At night he stared straight up to the ceiling and searched for Sagals. He no longer found him. A god of his childhood only, Sagals had now succumbed, too. A hundred times he rattled off all the sails from the foresail to the topgallant royal, back and forth. He recited all the rigs from the fore royal stay to the main topgallant royal and all the running rigging from the jib stay to the fore stay. He conjured all the yards from the mizzen topgallant to the foretop. He cleared the ship for battle with all topmasts, all decks, quarters, ranks – only his own mind had become inextricably entangled. His self-confidence was gone.
‘I expect,’ said Dr Orme when they saw each other again, ‘that you’re sad about his death.’ He said it very slowly. John needed to take his time, then his chin began to tremble. When John Franklin wept it took a moment or two. He cried until the urge to weep tickled in his nose and in his fingertips.
‘But you love the sea,’ Dr Orme resumed. ‘That shouldn’t have anything to do with the war.’
John stopped weeping, because he was thinking. While doing so, he studied his right shoe. His eye followed incessantly the shining square of the large buckle: up to the right, down along the side, then farther down to the left, returning to its starting point more than ten times.

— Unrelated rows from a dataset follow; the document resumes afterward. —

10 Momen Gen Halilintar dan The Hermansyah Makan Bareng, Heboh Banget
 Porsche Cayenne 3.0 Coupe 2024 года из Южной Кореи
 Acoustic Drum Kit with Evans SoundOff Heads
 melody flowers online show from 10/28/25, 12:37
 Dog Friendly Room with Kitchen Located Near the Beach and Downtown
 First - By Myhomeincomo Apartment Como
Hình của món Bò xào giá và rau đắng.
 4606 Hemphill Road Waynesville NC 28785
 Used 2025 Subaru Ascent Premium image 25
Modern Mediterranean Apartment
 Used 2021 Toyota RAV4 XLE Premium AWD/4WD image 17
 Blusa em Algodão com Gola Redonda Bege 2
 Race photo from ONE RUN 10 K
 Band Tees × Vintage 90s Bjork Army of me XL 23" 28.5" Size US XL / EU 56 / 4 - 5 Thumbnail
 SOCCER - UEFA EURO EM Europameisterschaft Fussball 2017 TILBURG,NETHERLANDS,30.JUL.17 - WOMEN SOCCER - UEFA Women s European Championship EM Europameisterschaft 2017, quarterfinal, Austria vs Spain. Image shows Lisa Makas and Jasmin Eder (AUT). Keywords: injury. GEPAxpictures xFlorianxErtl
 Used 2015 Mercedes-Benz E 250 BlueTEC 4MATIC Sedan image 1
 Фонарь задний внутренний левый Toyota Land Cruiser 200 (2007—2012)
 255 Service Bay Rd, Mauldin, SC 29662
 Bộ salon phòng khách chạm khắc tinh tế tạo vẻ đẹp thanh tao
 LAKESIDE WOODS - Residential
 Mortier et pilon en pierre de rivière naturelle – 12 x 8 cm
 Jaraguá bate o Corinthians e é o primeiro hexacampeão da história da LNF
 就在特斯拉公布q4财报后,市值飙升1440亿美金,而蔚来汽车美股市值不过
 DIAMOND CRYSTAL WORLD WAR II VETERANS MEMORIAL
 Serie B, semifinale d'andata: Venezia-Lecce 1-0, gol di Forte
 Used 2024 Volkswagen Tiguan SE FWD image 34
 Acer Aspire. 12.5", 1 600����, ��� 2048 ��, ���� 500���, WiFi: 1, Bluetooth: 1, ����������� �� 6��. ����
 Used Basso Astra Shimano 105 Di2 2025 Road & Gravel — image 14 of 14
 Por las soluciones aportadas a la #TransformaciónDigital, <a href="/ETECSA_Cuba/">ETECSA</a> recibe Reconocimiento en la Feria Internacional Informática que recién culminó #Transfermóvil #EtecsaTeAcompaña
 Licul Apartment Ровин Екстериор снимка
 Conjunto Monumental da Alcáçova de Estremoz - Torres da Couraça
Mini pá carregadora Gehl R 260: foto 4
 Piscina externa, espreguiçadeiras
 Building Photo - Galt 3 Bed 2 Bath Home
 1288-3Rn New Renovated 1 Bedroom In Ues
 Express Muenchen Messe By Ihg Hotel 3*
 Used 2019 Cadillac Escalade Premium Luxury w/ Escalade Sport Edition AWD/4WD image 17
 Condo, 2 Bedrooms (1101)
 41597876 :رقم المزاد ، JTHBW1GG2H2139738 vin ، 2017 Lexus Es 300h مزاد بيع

Then he fastened his glance on Dr Orme’s flat shoes, which had neither tongue nor buckle, but left the instep open with a bow in front. At last he said, ‘It’s about the war that I was so wrong.’
‘We’ll have peace soon,’ said Dr Orme. ‘Then there will be no more battles.’
Sherard Philip Lound, ten-year-old volunteer on the Investigator, wrote home: ‘Sheerness, 2 June 1801. Dear Parents.’ He licked his lips and wrote without any ink spots – probably Master Wright-Codd, the teacher, would read the letter to them.
‘For the ship, it will be the longest voyage she ever made. I’m happy to be part of it, and above all as a Volunteer First Class. The captain refuses all thanks, saying that John Franklin had spoken for me. I’d like to be a captain, too, some day. I was in London with John. He’s become even slower since Copenhagen and broods a great deal. At night he dreams of the dead. John is a good man. For example, he bought me a sea chest just like his own. It’s cone-shaped, very deep, and has many compartments. On the bottom it’s ringed with a rubbing-strip. The handles are loops made of hemp. The lid is covered with sailcloth. I’m writing on it.’ He propped the sheet of paper higher, licked his lips, and dipped his pen into the ink. The page was only half filled.
‘I got a shaving kit, too, because John said that somewhere in Terra Australis it’ll be time. Also, he showed me around the city. People don’t say hello there because they don’t know me at all. John’s aunt Ann (Chapell) is also on board; she’s the captain’s wife. He’s going to take her along to the other side of the earth. She sometimes asks me if I need anything. I’m eager to know how it all comes out and I’m happy. I’ll stop writing now because there’s lots to do on board.’
The ship’s captain was none other than Matthew, who had come home at last after he had been given up for lost. John Franklin had just turned fifteen.